Re: Gender and Cognitive Style

Kathryn Aegis (aegis@igc.apc.org)
Fri, 27 Nov 1998 10:47:50 -0800 (PST)

Sasha, et al:

(Hope everyone is having a restful holiday)

My perspective on this: the very concepts of 'feminine' and 'masculine' are in themselves cultural constructs based almost entirely on religious superstitions. A central set of human characteristics was arbitrarily divided into one of the two categories, and it is taught as part of most religious dogma. But, other than a desire to maintain a certain societal structure, there exists absolutely no rational basis for continuing this division of 'masculine/feminine', or for connecting the characteristsics so strongly with dominant and subservient roles. To do so only perpetuates irrational and entropic memes, rather than breaking new ground.

I would also ask you to explain why it is so 'necessary' for some people to lead and other people to take on subservient roles, when in most advancing associations and corporations most persons are considered individual contractors, equal members of a team.
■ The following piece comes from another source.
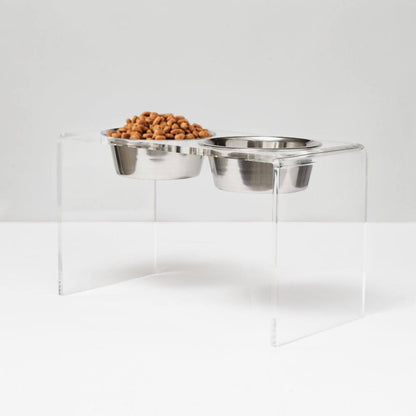 Tall Clear Double Feeder with Silver Bowls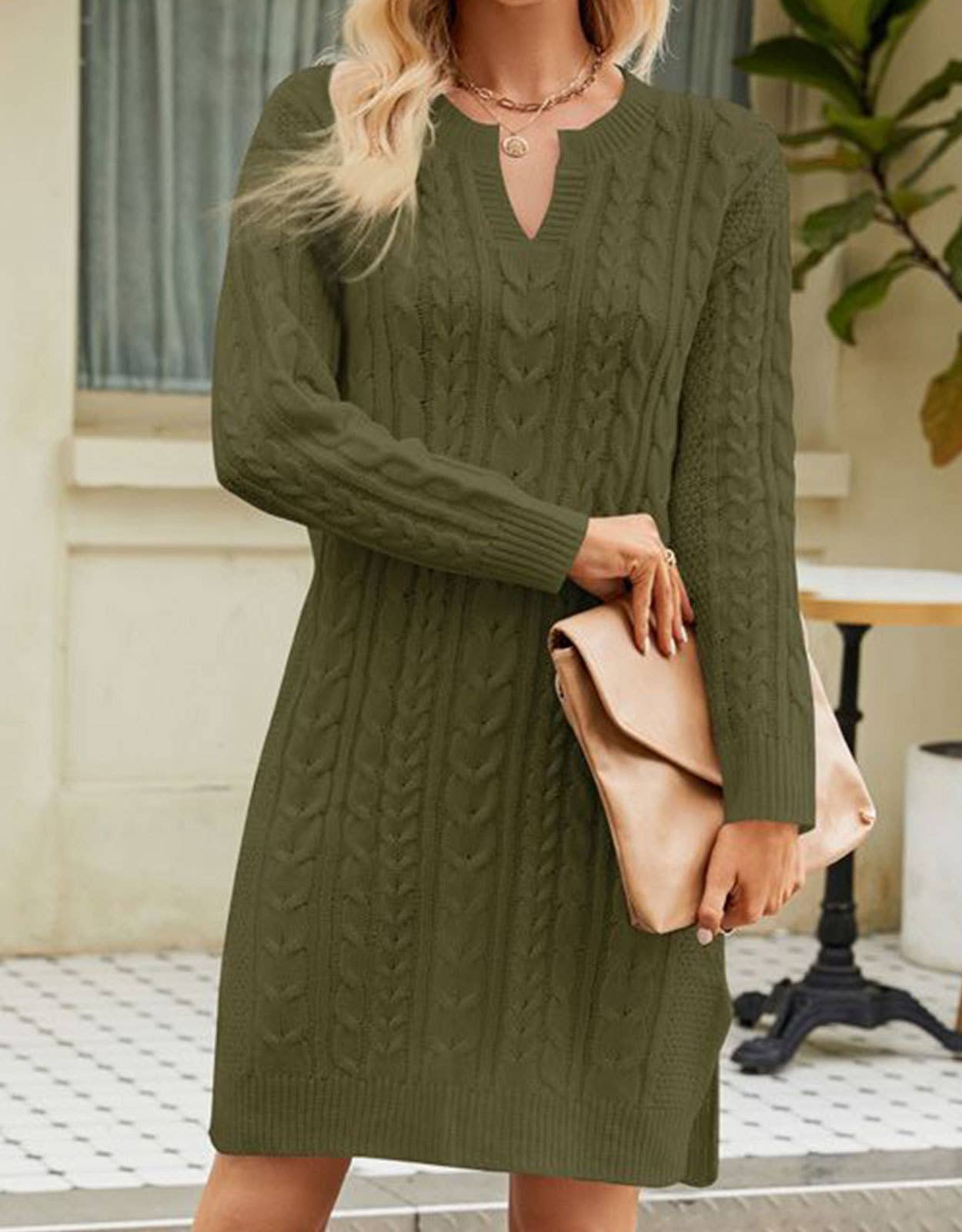 SOLID COLOR OPEN V-NECK SWEATER DRESS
All indications are that standing concepts of heirarchy will not survive the marketplace (Read: _The Fifth Discipline_). A strong level of testosterone in any person might make them ceo of a corporation, but it might as easily render them 'persona non grata' in the changing world of learning corporations and horizontal heirarchies. The 'meek' may indeed inherit, simply by being able to work effectively with others, or by their desire to work independently outside of heirarchy. Neither path requires real agressiveness, only skill, determination and perserverance--three qualities that are not particularly informed by hormonal levels. The market landscape ahead: individual autonomous contractors and team-oriented corporations.